Bu, ilişkilerimi geliştirmeme yardımcı oldu, ayrıca yolculuğumda ihtiyacım olan desteği bana sağladı. Ve zaman zaman yalnız bir kurt olduğum hâlde, kendimi asla yalnız hissetmiyorum… İlahi olan, evreni yöneten yasalar ve bugün burada benimle birlikte dünyada var olan erkek ve kız kardeşlerim tutuyor elimi.
Mimariye, özellikle de tapınaklara ilginiz var. İleride bu alanda bir şey yapmayı düşünür müsünüz?
Üst benlik ve ilahi olanla bizi bir araya getiren, aramızda köprü olan mekân ve mimari benim ilgimi çekiyor.
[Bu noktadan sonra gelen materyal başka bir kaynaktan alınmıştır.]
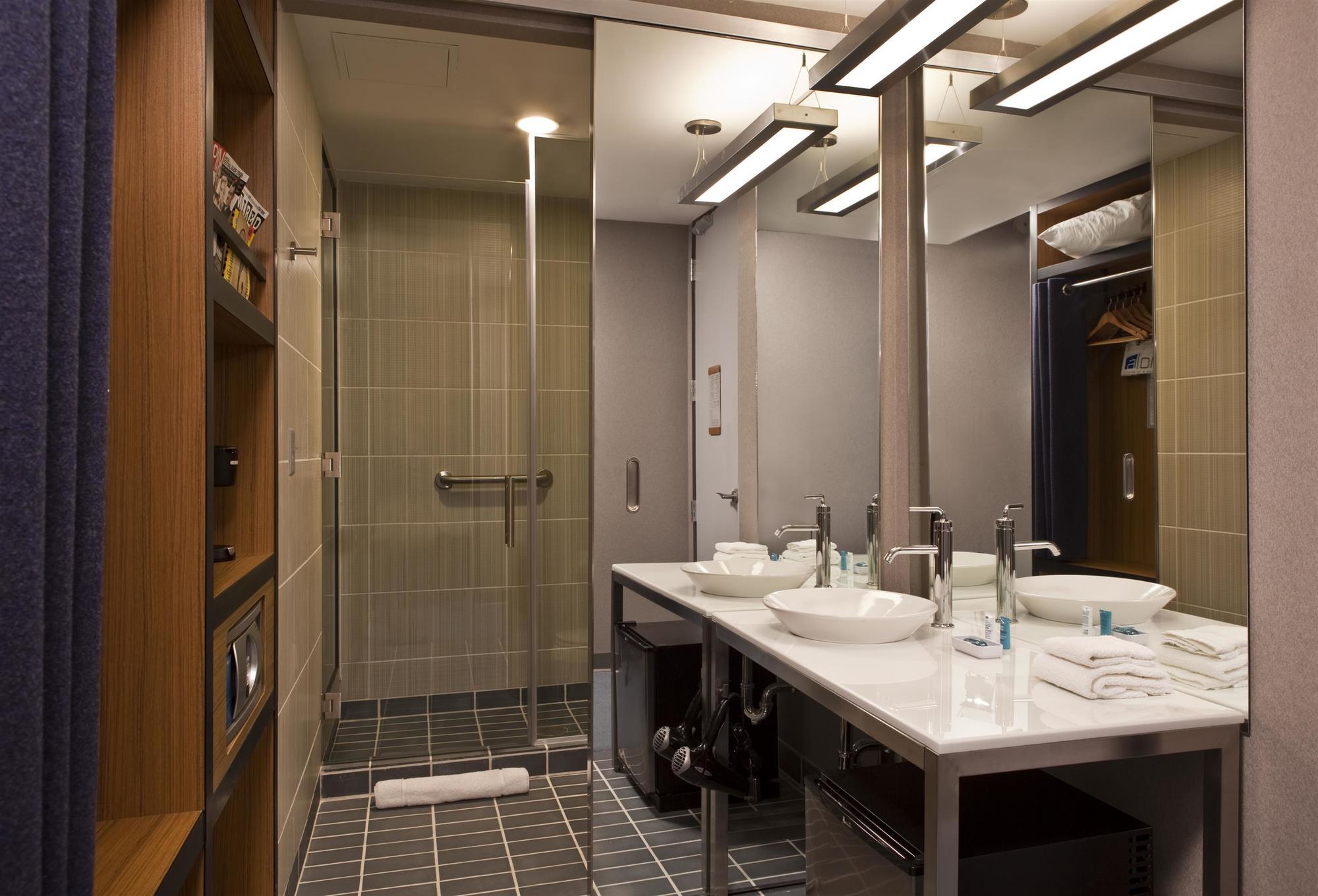 Отель Aloft Birmingham Soho Square Хомвуд Номер фото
Benim hayalim, insanların iç ve dış benliklerinin güzellik ve genişliğinin büyüklüğünü deneyimleyebilecekleri mekâna özgü arazi sanatı heykelleri ve mekânları oluşturmak. Eski bir tapınağın kalıntılarını oradan almayı ve doğal bir kaplıcaya yerleştirmenin hayalini kuruyorum. Böylece herkes, sonsuz ve kutsal anın sadeliğinde sakinleşmek, dinlenmek, arınmak ve şifa bulmak için oraya gelebilir.